Hey everyone. I’m new to the “Knots Forum” and I look forward to gaining insights from all of you. I also hope to be able to share what limited kowledge I have gleaned from my own woodworking experience.
I work in a three-man, custom cabinet shop in Utah. The shop has been in operation for over twenty years, and was started by a local woodshop teacher. It has since been handed over to the son of the proprietor. Both father and son have taught me a great deal. As far as kitchen cabinets go, these guys really know what’s up. I feel very fortunate that they involve me in all aspects of each project. From design to installation they have taught me all they know, and they frequently ask my opinion regarding many matters.

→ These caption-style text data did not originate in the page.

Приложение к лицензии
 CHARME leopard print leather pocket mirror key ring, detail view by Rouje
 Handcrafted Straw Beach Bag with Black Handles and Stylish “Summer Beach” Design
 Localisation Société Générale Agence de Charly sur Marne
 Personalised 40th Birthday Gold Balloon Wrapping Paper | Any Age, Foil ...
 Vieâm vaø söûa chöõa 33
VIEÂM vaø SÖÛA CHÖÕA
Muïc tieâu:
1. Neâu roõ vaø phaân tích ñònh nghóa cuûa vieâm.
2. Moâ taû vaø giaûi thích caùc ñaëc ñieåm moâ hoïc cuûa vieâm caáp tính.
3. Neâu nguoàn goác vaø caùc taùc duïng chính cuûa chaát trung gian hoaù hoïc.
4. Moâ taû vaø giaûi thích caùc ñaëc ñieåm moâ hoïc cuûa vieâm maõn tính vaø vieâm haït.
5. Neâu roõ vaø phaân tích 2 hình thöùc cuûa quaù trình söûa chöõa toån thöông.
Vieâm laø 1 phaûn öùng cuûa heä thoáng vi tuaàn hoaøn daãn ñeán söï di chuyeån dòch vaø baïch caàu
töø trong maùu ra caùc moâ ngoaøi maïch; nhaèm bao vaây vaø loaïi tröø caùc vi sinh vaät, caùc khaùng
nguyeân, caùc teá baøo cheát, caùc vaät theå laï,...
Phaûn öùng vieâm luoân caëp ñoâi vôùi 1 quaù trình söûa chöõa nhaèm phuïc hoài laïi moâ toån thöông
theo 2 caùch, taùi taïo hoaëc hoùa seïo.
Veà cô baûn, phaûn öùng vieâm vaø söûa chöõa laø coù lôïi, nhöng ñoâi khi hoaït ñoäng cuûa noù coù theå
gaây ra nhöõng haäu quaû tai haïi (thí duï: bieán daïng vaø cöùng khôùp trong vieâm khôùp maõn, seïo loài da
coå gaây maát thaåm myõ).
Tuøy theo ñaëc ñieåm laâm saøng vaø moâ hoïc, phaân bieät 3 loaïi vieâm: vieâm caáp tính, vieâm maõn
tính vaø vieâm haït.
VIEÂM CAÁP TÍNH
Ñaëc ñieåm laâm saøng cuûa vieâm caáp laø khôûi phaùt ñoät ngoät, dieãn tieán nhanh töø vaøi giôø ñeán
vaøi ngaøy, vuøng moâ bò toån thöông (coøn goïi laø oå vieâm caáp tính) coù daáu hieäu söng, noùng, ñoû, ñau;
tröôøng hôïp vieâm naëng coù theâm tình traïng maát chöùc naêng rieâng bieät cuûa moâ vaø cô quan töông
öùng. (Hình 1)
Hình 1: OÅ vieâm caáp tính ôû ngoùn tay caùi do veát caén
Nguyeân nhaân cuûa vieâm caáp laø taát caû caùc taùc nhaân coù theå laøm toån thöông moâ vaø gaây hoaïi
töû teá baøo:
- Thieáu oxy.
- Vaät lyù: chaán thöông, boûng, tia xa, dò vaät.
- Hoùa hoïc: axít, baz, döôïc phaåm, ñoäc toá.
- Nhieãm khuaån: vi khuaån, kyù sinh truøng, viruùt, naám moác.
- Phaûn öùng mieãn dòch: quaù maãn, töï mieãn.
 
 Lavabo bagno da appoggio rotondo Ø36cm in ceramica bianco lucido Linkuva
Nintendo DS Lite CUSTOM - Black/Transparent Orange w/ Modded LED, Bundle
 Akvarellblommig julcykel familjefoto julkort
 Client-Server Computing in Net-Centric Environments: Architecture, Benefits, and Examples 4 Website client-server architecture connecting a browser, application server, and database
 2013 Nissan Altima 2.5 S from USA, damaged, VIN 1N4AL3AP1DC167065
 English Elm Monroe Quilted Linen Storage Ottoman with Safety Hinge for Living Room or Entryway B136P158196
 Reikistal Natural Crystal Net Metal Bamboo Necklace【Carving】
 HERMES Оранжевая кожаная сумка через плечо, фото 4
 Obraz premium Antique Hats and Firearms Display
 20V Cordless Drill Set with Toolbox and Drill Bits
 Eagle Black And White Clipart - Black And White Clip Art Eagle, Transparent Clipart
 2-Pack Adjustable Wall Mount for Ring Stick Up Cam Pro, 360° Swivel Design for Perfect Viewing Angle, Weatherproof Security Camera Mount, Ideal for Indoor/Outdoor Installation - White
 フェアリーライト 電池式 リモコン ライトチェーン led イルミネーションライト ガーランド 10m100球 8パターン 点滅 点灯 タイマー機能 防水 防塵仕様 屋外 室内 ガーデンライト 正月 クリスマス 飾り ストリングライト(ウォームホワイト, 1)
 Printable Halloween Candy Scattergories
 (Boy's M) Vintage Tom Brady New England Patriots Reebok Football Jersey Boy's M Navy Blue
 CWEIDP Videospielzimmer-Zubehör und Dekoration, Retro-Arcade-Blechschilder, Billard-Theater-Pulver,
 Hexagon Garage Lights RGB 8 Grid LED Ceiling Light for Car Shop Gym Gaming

I have a question regarding a table leaf for a table I built. When originally constructed the leaf was perfectly flat. Now the leaf (built of solid alder and walnut measuring 18″ wide by 48″ long) has a definite crown. In the future, what precautions can be built into a similar leaf that would solve this problem?
Replies
Use quarter sawn lumber. Put battens or cleats on the bottom if the table design allows for that.
Edited 11/18/2004 12:37 am ET by Uncle Dunc
Thanks for the tips.
Hi Jeff,
You could ensure the you alternate the crown in the boards so that they don't all face the same way. That works to some extent. This can be difficult sometimes, cause it means you may loose the grain pattern of the wood. Anyway, that's my thought. Hope it works for you. I'm sure there are many experts on here that know better then I do, how to remedy this situation.......Loran
Jeff,
Using well dried lumber, acclimated to the shop (don't run out and buy stock, or bring down from the loft, in from storage shed, and dress and glue it immediately), then finishing equally on both sides of the leaf will usually keep it flat. As unc said, battens provide add'l insurance, but you must allow for seasonal movement, or you'll have cracks instead of warp.
What causes a board to cup is moisture loss, usually. If the leaf had excess moisture in it, as it dries, the growth rings will tend to "straighten", due to uneven shrinkage. Wood shrinks more parallel to the growth rings than it does perpendicular to them. That's why as unc says, quartersawn stock will stay flat.
If there is more finish on the top side of the leaf, humidity changes will cause movement of miosture to take place more on the bottom of the leaf than the top, causing it to cup.
Additionally, drying stresses in a board can be released in dressing it to thickness, especially if more wood is removed from one side than the other. Letting the stock rest for a day or two after dressing, will let this show up before it is glued up into the middle of a leaf.
Is the leaf alder and walnut glued alternately (like a butcher block) or laminated one on top of the other? Differences in shrinkage rates between the two woods could have caused your problem.
Regards,
Ray
Thanks for the tip.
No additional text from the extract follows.